◆ WORK ITEM ◆
Pictures in the material below are to be left out, and only the lines from the line with "Sonnenschirm Nacht Sonnenschirmnacht" up to and including the line with "アルミ形材門扉（施工後）　ハイ千峰（特注）" are to be written out exactly.

◆ TASK INPUTS ◆
+===+
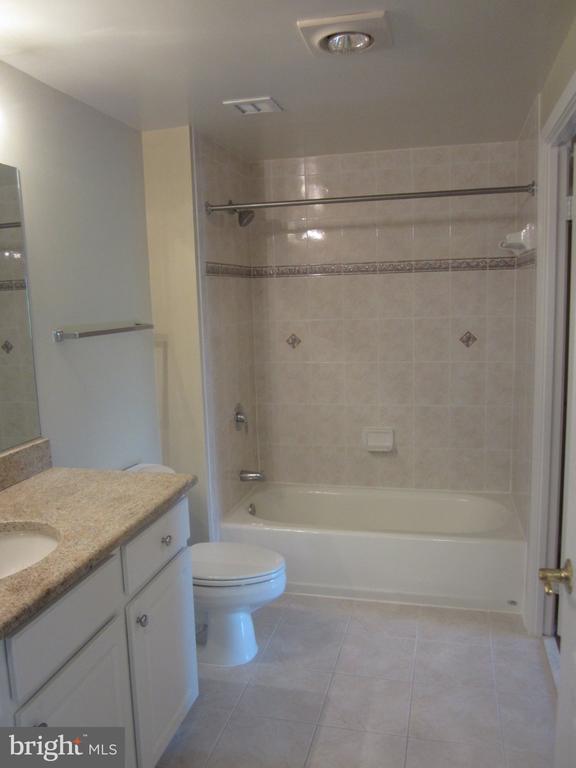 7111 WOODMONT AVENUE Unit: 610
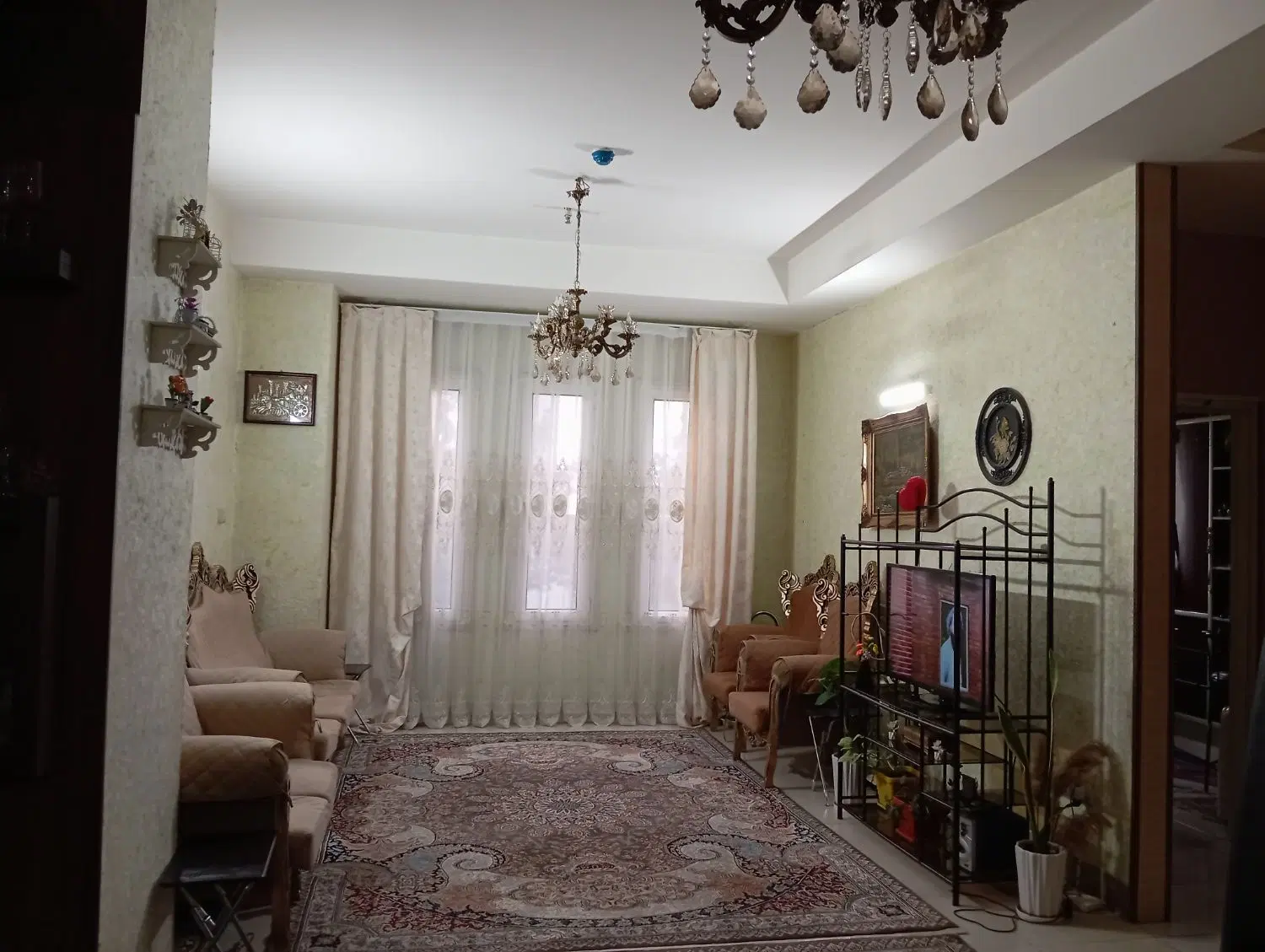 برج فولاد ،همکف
+===+
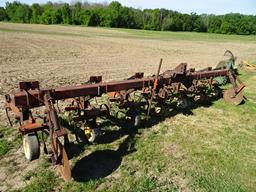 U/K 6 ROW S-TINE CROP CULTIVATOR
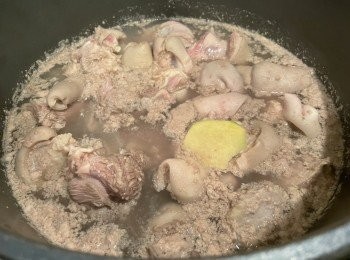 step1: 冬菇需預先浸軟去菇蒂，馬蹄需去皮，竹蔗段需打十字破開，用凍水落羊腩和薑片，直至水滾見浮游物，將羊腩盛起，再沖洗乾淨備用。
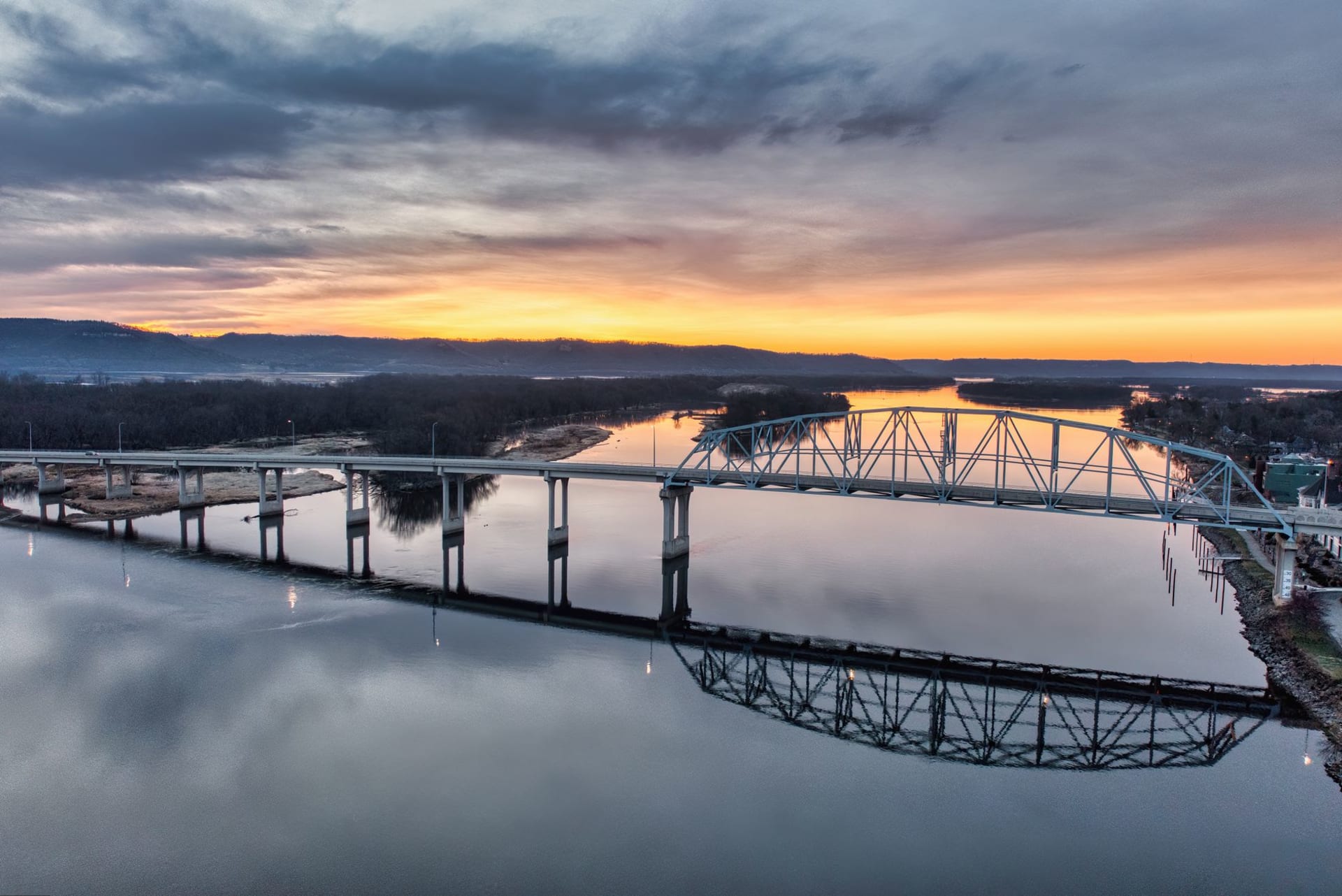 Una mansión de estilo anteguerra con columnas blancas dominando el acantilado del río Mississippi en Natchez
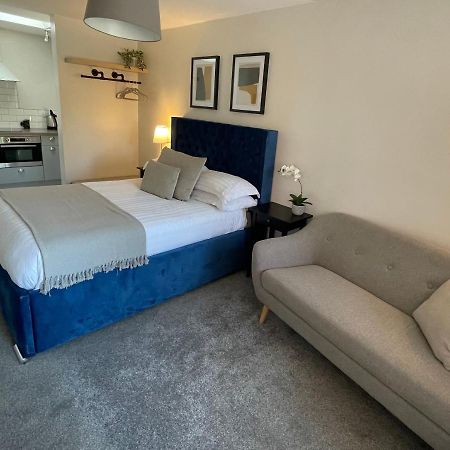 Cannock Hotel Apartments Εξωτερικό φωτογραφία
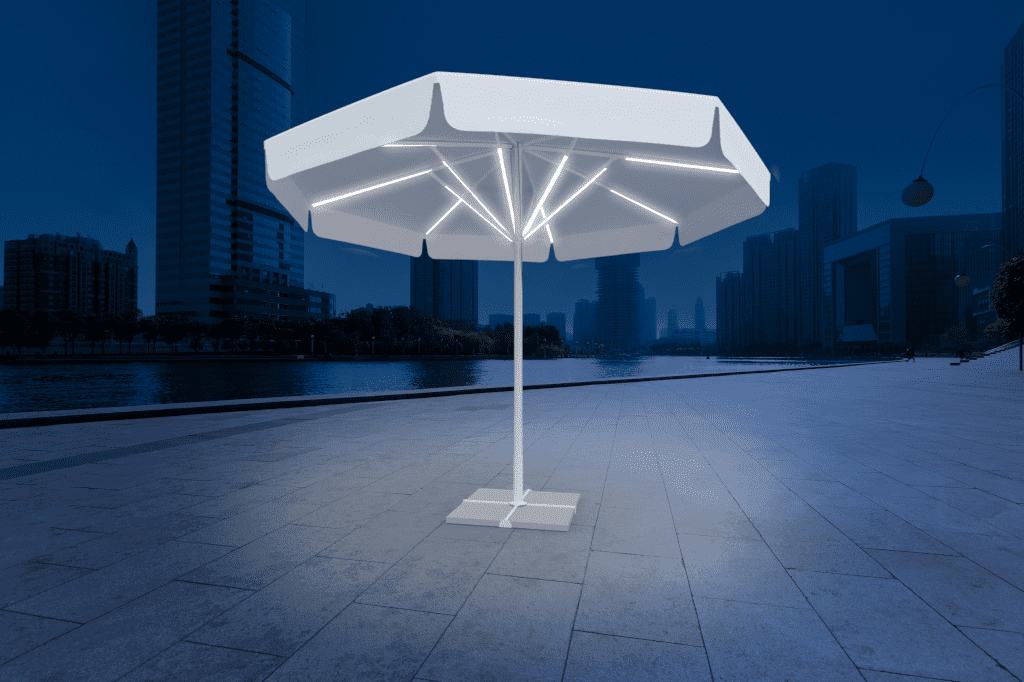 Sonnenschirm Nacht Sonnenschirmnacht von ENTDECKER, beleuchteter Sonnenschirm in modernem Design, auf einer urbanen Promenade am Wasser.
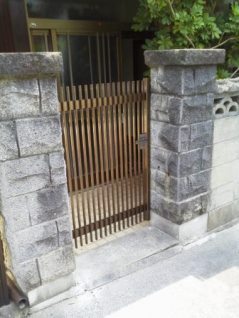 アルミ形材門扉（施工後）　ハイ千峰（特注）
+===+
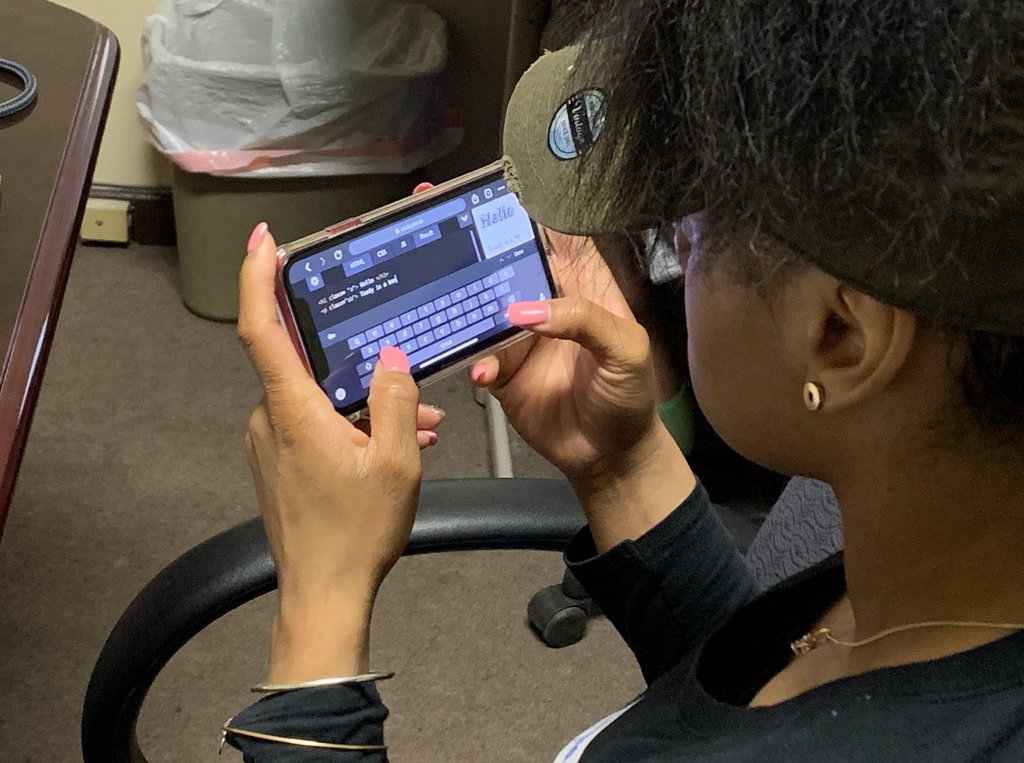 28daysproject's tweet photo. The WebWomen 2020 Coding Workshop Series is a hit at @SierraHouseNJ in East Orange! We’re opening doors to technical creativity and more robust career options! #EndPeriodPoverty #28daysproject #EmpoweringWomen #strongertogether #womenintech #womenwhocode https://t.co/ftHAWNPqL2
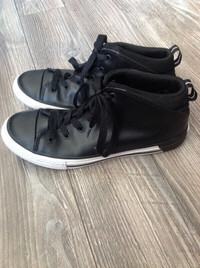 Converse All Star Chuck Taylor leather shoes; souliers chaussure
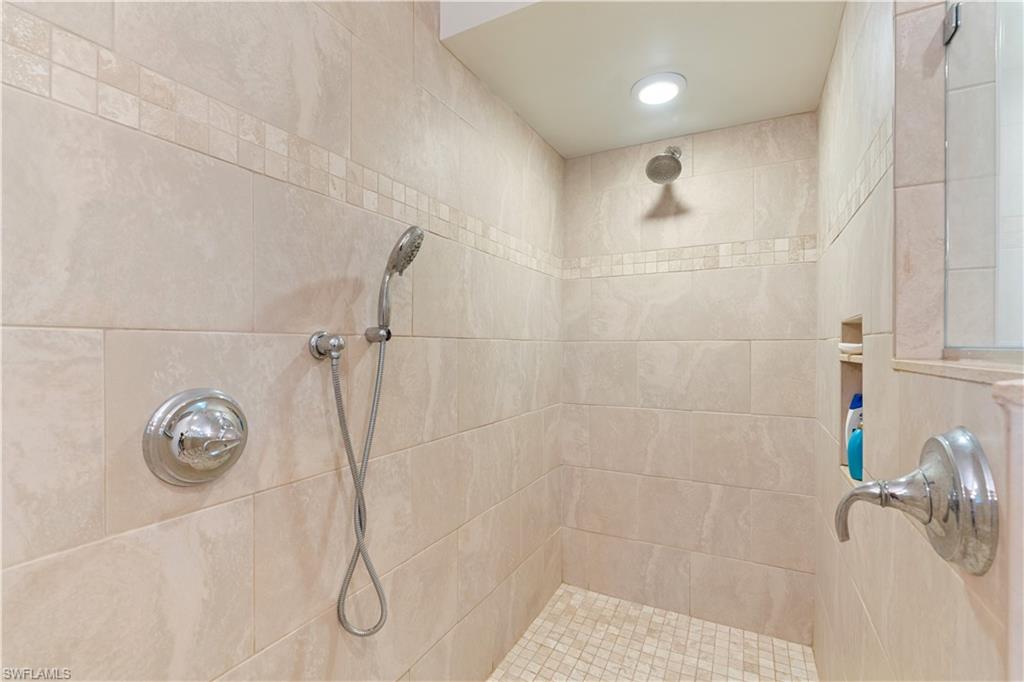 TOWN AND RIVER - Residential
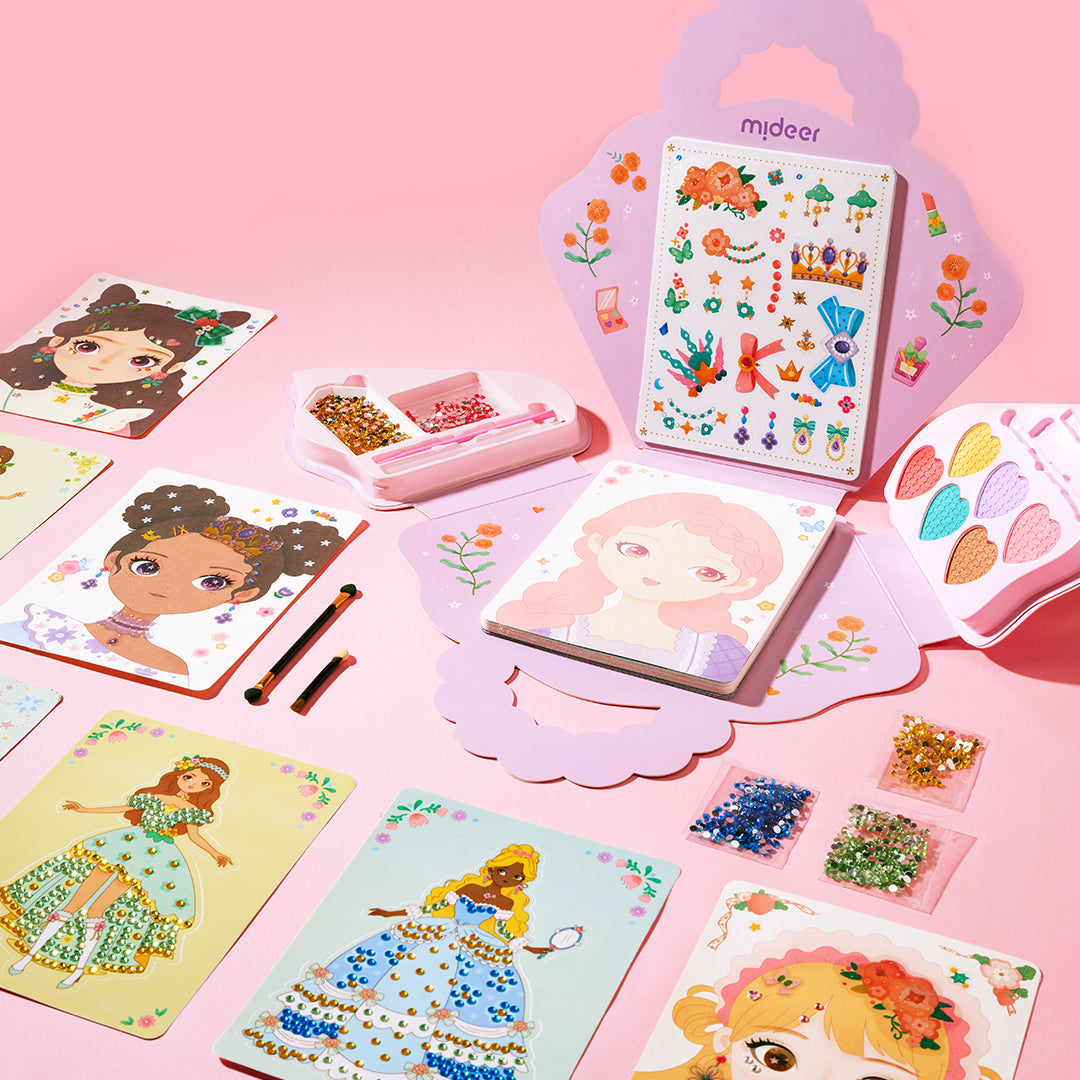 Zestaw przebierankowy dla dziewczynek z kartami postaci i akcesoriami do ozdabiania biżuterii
+===+
◆ TASK ANSWER ◆
 Sonnenschirm Nacht Sonnenschirmnacht von ENTDECKER, beleuchteter Sonnenschirm in modernem Design, auf einer urbanen Promenade am Wasser.
 アルミ形材門扉（施工後）　ハイ千峰（特注）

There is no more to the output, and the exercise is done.